_PROBLEM REQUIREMENTS_
In the data below, restate exactly the lines from the one with "A Near Pair" to the final line, both included, but not the pictures.

■ ■ ■ ■

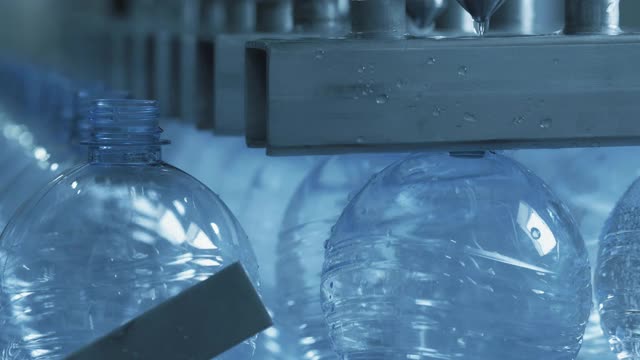 在工厂的自动生产线输送带上灌装塑料瓶视频素材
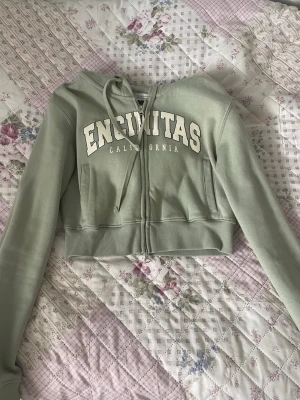 Grön cropped zip-tröja - Säljer min mint gröna korta zip-tröja med tryck från Bershka, använd en gång. Tröjan har två dragkedjor, är väldigt mjuk och varm. 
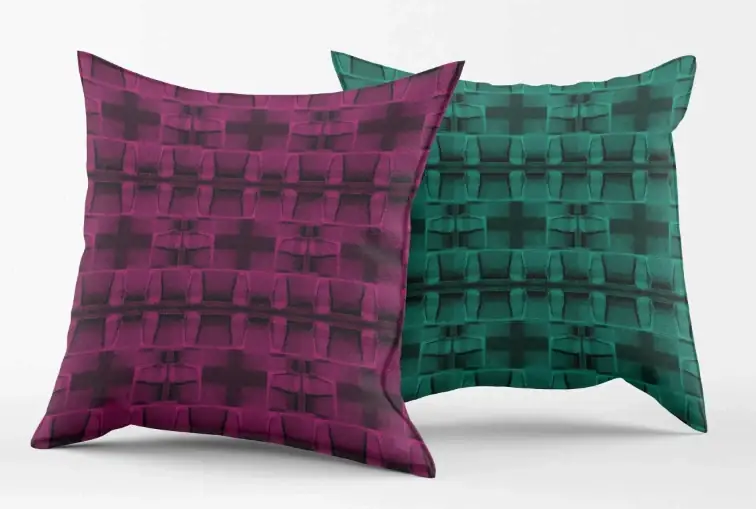 Textile design colorways demonstrated on decorative sofa cushions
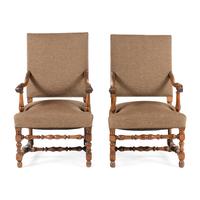 A Near Pair of Continental Baroque Style Walnut Armchairs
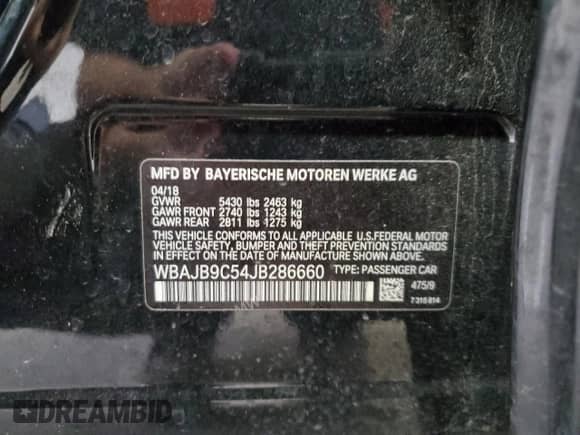 2018 BMW 5 Series M550i xDrive with VIN WBAJB9C54JB286660, listed as a Copart auction lot 62594805 with 137,794 mi miles and Salvage title. Bid and sale history available at DreamBid. Image 12.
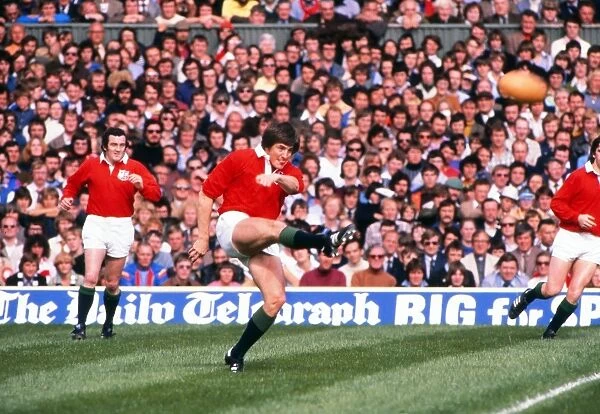 Andy Irvine kicks for the British Lions against the Barbarians in 1977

■ ■ ■ ■

_WRITTEN RESPONSE_
 A Near Pair of Continental Baroque Style Walnut Armchairs
 2018 BMW 5 Series M550i xDrive with VIN WBAJB9C54JB286660, listed as a Copart auction lot 62594805 with 137,794 mi miles and Salvage title. Bid and sale history available at DreamBid. Image 12.
 Andy Irvine kicks for the British Lions against the Barbarians in 1977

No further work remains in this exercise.